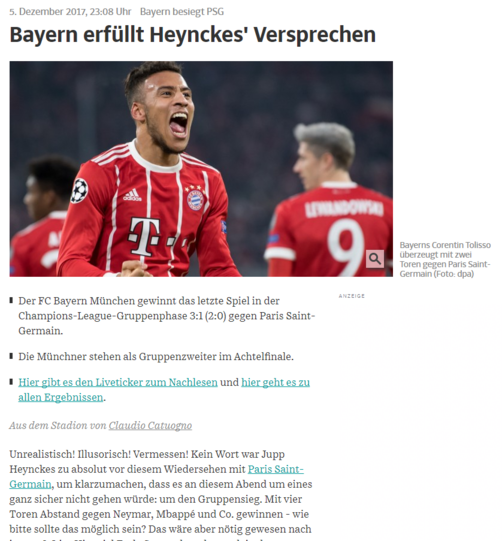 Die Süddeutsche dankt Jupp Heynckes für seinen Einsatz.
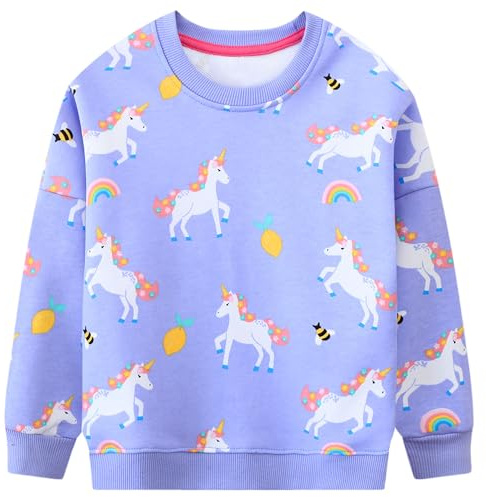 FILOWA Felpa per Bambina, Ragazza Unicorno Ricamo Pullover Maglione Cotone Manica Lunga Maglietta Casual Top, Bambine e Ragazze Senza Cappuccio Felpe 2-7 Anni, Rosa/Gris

---

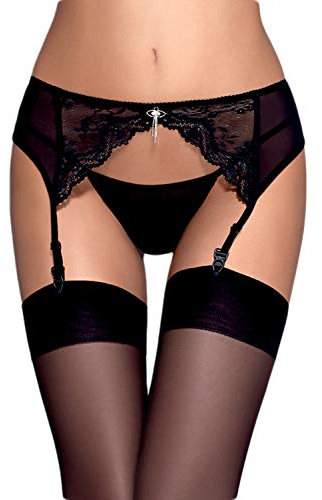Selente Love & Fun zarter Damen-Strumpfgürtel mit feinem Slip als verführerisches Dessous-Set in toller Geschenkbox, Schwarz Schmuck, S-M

--

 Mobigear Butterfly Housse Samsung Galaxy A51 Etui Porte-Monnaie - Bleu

• [What the exercise asks]: Copy word for word the lines above, starting at the line containing "Die Süddeutsche dankt" and ending at the line containing "FILOWA Felpa per", inclusive, with no pictures.

• [Response to the task]:
 Die Süddeutsche dankt Jupp Heynckes für seinen Einsatz.
 FILOWA Felpa per Bambina, Ragazza Unicorno Ricamo Pullover Maglione Cotone Manica Lunga Maglietta Casual Top, Bambine e Ragazze Senza Cappuccio Felpe 2-7 Anni, Rosa/Gris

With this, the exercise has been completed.